To quantitatively assess the proposed model, MSSR is evaluated for three different up-scale factors from 2 to 4 on four testing datasets aforementioned. We compute the Peak Signal-to-Noise Ratio (PSNR) and structural similarity (SSIM) of the results to compare with some recent competitive methods, including A+ [22], SelfEx [12], SRCNN [7], FSRCNN [8] and VDSR [14]. As shown in Table 1, we can see that the proposed MSSR outperforms other methods almost on every up-scale factor and each test set. The only suboptimal result is the PSNR on B100 of up-scale factor 4, which is slightly lower than VDSR [14], but still competitive with a higher SSIM. Visual comparisons can be found in Figs. 2 and 3.

Fig. 2.
figure 2

Super-resolution results of img099 (Urban100) with scale factor x3. Line is straightened and sharpened in MSSR, whereas other methods give blurry or distorted lines.

Fig. 3.
figure 3

Super-resolution results of ppt3 (Set14) with scale factor x3. Texts in MSSR are sharp and legible, while character edges are blurry in other methods.

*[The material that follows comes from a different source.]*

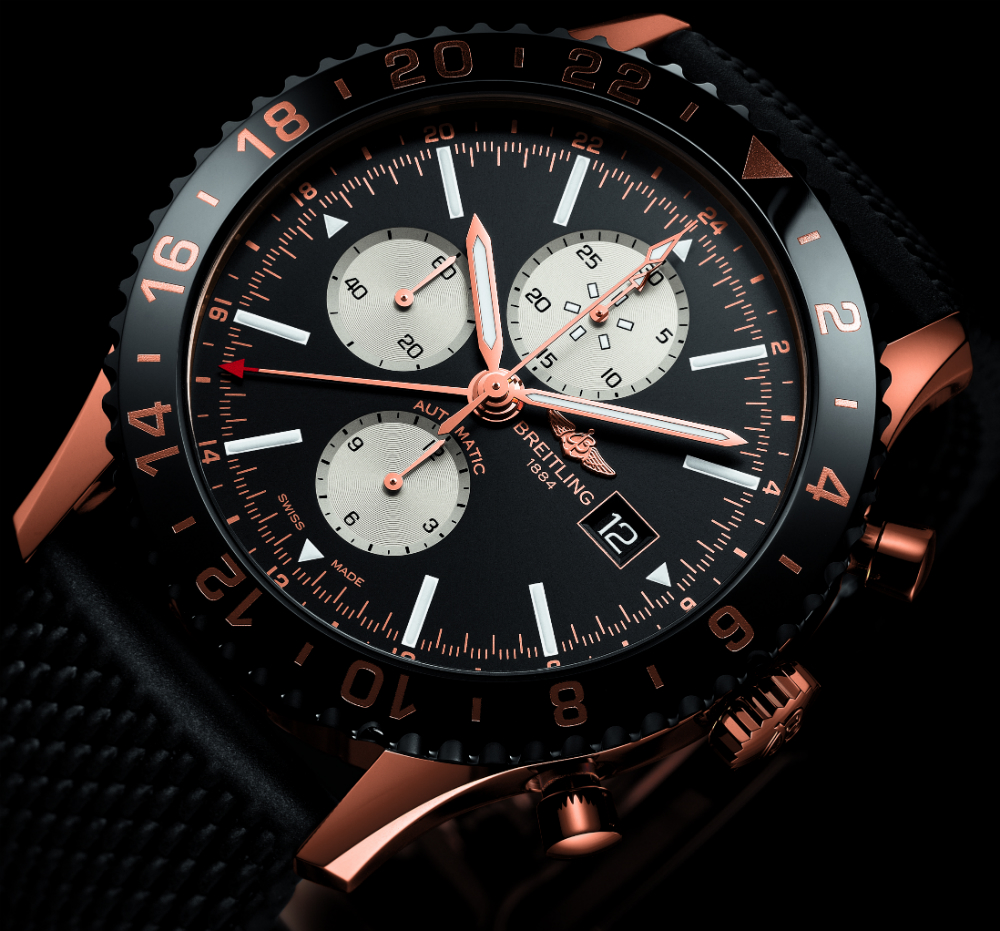 Breitling-Chronoliner-Limited-Edition-Gold--2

As for effectiveness, we evaluate the execution time using the public code of state-of-the-art methods. The experiments are conducted with an Intel CPU (Xeon E5-2620, 2.1 GHz) and an NVIDIA GPU (GeForce GTX 1080). Figure 4 shows the PSNR performance of several state-of-the-art methods for super-resolution versus the execution time. The proposed MSSR network achieves better super-resolution quality than existing methods, and are tens of times faster.

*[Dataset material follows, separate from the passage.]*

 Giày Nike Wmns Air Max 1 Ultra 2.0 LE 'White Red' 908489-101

Table 1. Average PSNR/SSIM for scale factors x2, x3 and x4 on datasets Set5 [1], Set14 [25], B100 [17] and Urban100 [12]. color indicates the best performance and color indicates the second best performance. (All the output images are cropped to the same size as SRCNN [7] for fair comparisons.)
Fig. 4.
figure 4

Our MSSR achieves more accurate and efficient results for scale factor x3 on dataset Set5 in comparison to the state-of-the-art methods.

4 Conclusion

In this paper, we highlight the importance of scales in super-resolution problem, which is neglected in the previous work. Instead of simply enlarge the size of input patches, we proposed a multi-scale convolutional neural network for single image super-resolution. Combining paths of different scales enables the model to synthesize a wider range of receptive fields. Since different components in images may be relevant to a diversity of neighbor sizes, the proposed network can benefit from multi-scale features. Our model generalizes well across different up-scale factors. Experimental results reveal that our approach can achieve state-of-the-art results on standard benchmarks with a relatively high speed.